Oil-induced Tourism Slump: No Match for our Pun-tastic Slogans
|Flickr: [ jeremy ]|
|Yes, yes. Love that beautiful Florida beach.|
Although the April 20 catastrophe has already released 6 million gallons of oil into the Gulf, our beaches remain mostly pristine--but Mr. and Mrs. New Jersey Snowbird don't exactly "get" that. As a result, Gov. Crist called for $35 million from BP to kickstart a tourism campaign to promote our clean beaches. BP pledged to part with $25 million, but today Senator-hopeful Kendrick Meek said nuh-uh: $100 million, please.

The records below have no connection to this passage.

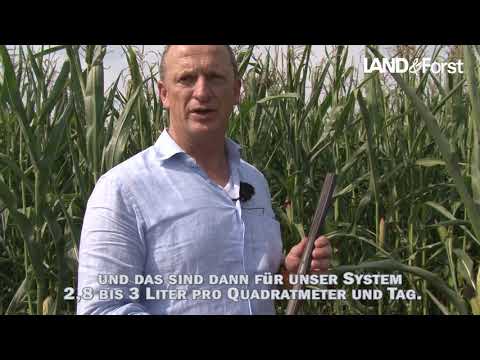 Darchau (Amt Neuhaus): Deutschlands größte Unterflurbewässerung im Ackerbau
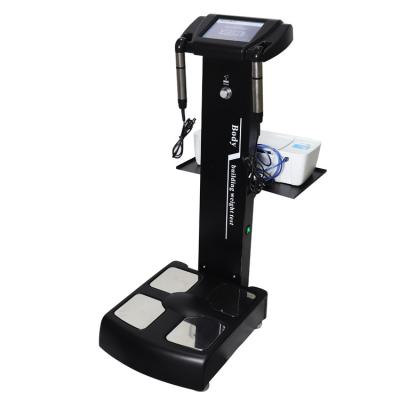 China GS6.5C+ Bio Weight Loss Weight Height Body Composition Analyzer Human Impedance Scales for sale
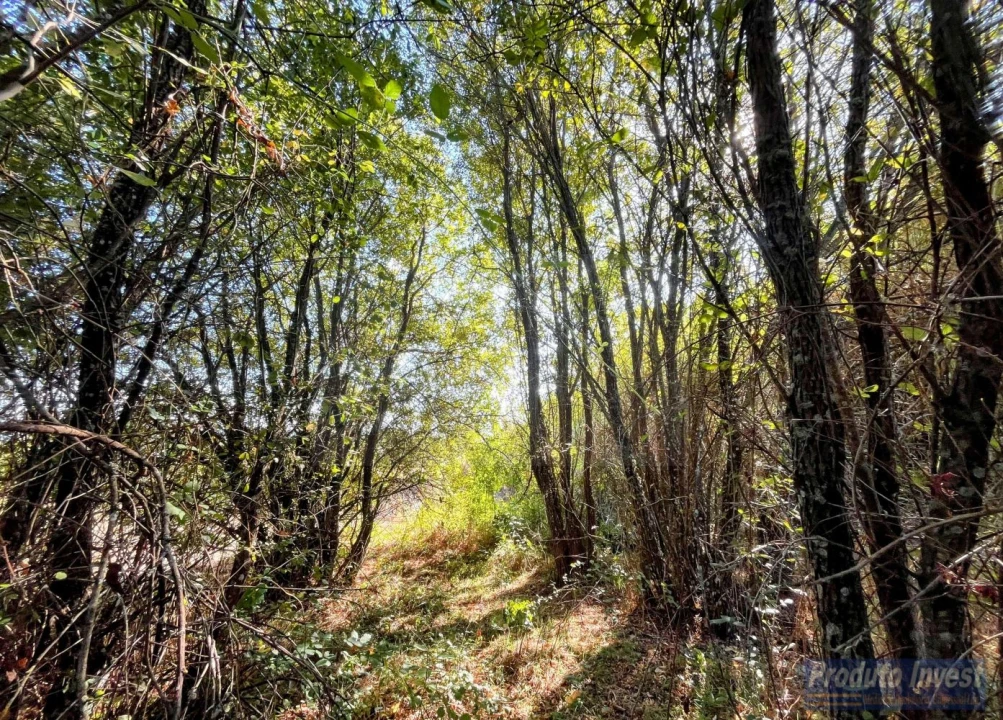 Quinta T0 para Venda em Boidobra Foto 32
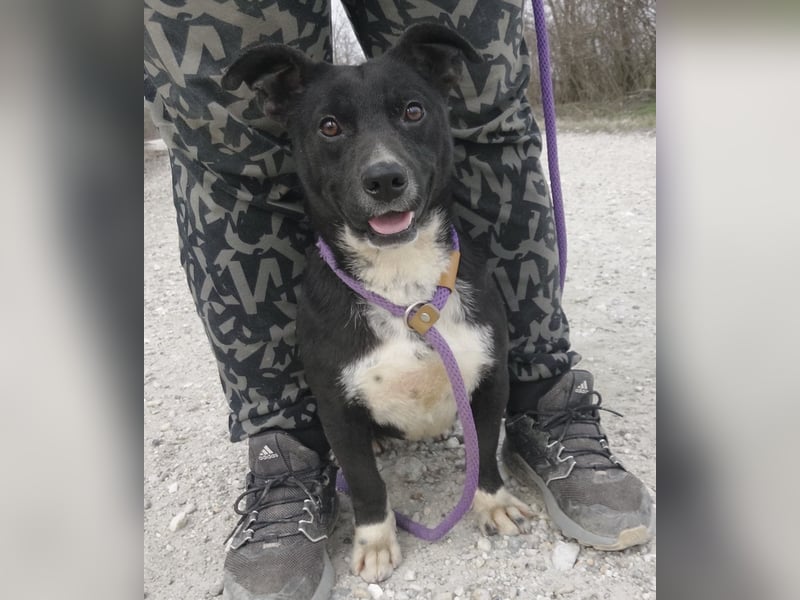 Amelie eine kleine freundliche Hündin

With scientists predicting that oil from the spill is going to boomerang up Florida's Atlantic coast via a loop current, we need to get cracking on that tourism campaign. And though by "we," I meant Florida's tourism department, the responsibility naturally falls upon The Juice. See our top five picks for anti-oil campaign slogans, after the jump:
5. "Oil spill? No, someone just dropped their glass of Kahlua. You're not square, right?!"
4. "Petroleum? I hardly know him!"
3. "What's the only oil on the beaches? Suntan oil. VISIT Florida does not condone the use of skin cancer-causing agents."***
2. "Don't worry: This was crude oil. Only the most refined fuel can penetrate the private beaches of the Breakers."
1. "Florida Beaches: Where the people are slick, the sunscreen's never greasy, and the waves will fuel your afternoon fun."
***Actually, David Halstead, director of the Florida Division of Emergency Management, really did debut this line during a news conference. Sadly, he did not say the italicized portion. SPF, guys. SPF.